Çocuk ise öyle değildir. Çocuğun düşünme şekli yetişkinlerin düşünme şeklinden çok farklıdır. Tez canlıdır çocuk. Pat diye olsun ister, dilekleri. Fikirlerinin sorgulanmasını istemez. Onun sorumluluk alanı sınırlıdır. Kendisini karşılaştığı durumlar karşısında zorunlu hissetmez. Ucu bucağı olmayan, sonsuz bir dünyası vardır onun. Kimi insan buna, hayal dünyası adını takmıştır.
Bu sebepten ötürü çocukların düşünceleri, duyguları ve istekleri yetişkinlerle sürekli çatışma yaşar. Bu farklılık ne kadar azaltılır ve ortak bir zemin sağlanabilirse, anlaşabilme oranı da o derce artış gösterir.
Çocuklar ve Asilikleri
Asi olmayan çocuk yoktur. Her yetişkin çocuk olmuştur. Dolayısıyla, onlar da bu asilik yani isyan dönemini geçirmişlerdir. Sadece biten çocukluk dönemiyle, çocukluktaki asilik de bitmiştir.

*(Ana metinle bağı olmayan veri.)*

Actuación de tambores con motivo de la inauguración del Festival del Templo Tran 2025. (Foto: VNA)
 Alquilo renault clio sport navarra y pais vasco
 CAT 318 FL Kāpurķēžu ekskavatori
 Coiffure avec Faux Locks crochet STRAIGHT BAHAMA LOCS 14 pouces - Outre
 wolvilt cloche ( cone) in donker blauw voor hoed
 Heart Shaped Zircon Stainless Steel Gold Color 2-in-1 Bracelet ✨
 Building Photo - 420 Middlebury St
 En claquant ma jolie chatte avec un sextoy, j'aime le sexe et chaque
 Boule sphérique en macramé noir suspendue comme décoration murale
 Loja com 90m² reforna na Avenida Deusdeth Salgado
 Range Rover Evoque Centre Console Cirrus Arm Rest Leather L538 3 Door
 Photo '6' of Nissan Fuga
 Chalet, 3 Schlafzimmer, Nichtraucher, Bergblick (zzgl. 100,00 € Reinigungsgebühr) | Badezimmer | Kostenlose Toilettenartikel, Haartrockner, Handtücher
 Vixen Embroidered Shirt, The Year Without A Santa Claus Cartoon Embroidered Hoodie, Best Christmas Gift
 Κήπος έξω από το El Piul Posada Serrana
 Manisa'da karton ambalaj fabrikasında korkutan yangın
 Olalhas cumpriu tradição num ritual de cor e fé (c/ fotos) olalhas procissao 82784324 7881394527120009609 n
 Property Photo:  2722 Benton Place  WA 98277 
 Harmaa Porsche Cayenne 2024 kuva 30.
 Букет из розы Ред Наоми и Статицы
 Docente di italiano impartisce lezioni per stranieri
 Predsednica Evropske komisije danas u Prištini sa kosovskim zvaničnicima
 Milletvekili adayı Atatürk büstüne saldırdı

Doğacak ve çocuk olacak her insan da birer asi (Kavram yanlış anlaşılmasın. Buradaki asi kavramından kastımız, isteklerinin reddedilmesine olan kızgınlıktır.) adayıdır.
Çocuğun bir dünyası vardır. O dünya her şeyin olduğu, bütün isteklerin kabul edildiği, mutsuzluğun bulunmadığı pembe-mavi bir dünyadır. Çocuk, yaşadığı gerçek dünyadan daha çok bu dünyada yaşar. Her zorluk, her umutsuzluk ve her üzülme durumunda kendisine ait bu dünyaya sığınır. Çünkü orada her istediğini yapma fırsatına sahiptir.
Bu onun dünyasıdır ve orada her istediği olur. Mutludur orada. Ebeveynleri onu kendi, gerçek dünyalarına çağırırken, o da ebeveynlerini kendi dünyasına dahil etmek ister. Çocuk yetişkin olan anne ve babasını bu kendisine ait dünyaya katabilirse, bilir ki artık ona karada ölüm yoktur.
Çünkü dünya onundur ve bu dünyada tek söz sahibi kendisidir. Artık her dilediği, her istediği anında olacaktır. Tüm çabası, bütün mücadelesi bunun içindir. Başarılı olursa ne ala! Ama başarılı olamazsa -çocukların kahir ekseriyeti bu mücadeleyi kaybederler- işte, asilik dediğimiz durum ortaya çıkar. İtirazlar, sinirlenmeler vb. Kendisinin isteklerinin dışında olan her şeye burun kıvırır. Kendisinin doğru gelmeyen her düşünceye karşı çıkar.